1967–68 Moroccan Throne Cup

Tournament details
- Country: Morocco

Final positions
- Champions: Racing de Casablanca

= 1967–68 Moroccan Throne Cup =

The 1967–68 season of the Moroccan Throne Cup was the 12th edition of the competition.
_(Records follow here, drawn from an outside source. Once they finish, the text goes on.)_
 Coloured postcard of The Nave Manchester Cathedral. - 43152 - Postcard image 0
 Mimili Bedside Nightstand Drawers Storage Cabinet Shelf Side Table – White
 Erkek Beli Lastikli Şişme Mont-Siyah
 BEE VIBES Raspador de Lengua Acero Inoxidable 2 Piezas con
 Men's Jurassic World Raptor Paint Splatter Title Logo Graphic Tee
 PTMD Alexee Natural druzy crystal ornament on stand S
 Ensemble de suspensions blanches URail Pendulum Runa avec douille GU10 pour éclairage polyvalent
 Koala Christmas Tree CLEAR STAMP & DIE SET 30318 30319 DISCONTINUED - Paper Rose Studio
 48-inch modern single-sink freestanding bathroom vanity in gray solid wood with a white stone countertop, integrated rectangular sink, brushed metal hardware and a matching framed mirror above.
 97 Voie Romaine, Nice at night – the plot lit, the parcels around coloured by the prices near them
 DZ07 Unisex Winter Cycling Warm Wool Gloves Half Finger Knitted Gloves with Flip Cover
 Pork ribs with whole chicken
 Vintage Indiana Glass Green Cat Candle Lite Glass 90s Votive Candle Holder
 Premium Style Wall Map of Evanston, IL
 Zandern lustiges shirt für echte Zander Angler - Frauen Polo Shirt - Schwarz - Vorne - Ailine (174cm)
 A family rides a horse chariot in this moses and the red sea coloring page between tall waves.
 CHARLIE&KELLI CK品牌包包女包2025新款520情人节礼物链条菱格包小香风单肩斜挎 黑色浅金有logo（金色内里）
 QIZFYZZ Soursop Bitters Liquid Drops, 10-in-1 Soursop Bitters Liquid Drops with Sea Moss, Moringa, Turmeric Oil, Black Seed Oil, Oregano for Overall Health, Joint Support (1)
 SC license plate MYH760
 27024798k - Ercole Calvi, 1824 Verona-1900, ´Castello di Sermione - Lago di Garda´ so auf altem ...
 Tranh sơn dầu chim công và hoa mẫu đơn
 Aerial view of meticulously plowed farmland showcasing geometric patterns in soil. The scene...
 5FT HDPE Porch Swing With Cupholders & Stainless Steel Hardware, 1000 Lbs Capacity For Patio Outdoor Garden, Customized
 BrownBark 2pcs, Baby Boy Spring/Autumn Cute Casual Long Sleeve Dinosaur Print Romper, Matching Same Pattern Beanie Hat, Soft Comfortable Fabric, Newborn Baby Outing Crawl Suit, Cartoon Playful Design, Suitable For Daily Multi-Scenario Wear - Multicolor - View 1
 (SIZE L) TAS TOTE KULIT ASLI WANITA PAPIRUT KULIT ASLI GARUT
Racing de Casablanca won the cup, beating Raja de Casablanca 1–0 in the final, played at the Stade d'honneur in Casablanca. Racing de Casablanca won the title for the first time in their history. It was also the first final to be a derby, where both clubs come from the same city.

== Tournament ==
=== Last 16 ===

| Team 1 | Team 2 | Result |
|---|---|---|
| Wydad Athletic Club | FAR de Rabat | 1–1 7–8 (pens) |
| Racing de Casablanca | Moghreb de Tetouan | 2 – 1 |
| Stade Marocain | Maghreb de Fès | 1–0 |
| Renaissance de Berkane | Mouloudia Club d'Oujda | 0–2 |
| TAS de Casablanca | Union de Sidi Kacem | 1–1 4 – 2 (pens) |
| Raja Club Athletic | Raja de Beni Mellal | 2–0 |
| KAC Kénitra | Renaissance de Settat | 2–4 |
| Chabab Mohammédia | Difaâ Hassani El Jadidi | 2–0 |

=== Quarter-finals ===

| Team 1 | Team 2 | Result |
|---|---|---|
| Raja Club Athletic | Stade Marocain | 3–2 |
| Renaissance de Settat | FAR de Rabat | 2–0 |
| Mouloudia Club d'Oujda | Racing de Casablanca | 1–2 |
| TAS de Casablanca | Chabab Mohammédia | 0–1 |

=== Semi-finals ===

| Team 1 | Team 2 | Result |
|---|---|---|
| Renaissance de Settat | Racing de Casablanca | 0–1 |
| Chabab Mohammédia | Raja Club Athletic | 0–1 |

=== Final ===

The final took place between the two winning semi-finalists, Racing de Casablanca and Raja de Casablanca, on 14 July 1968 at the Stade d'honneur in Casablanca.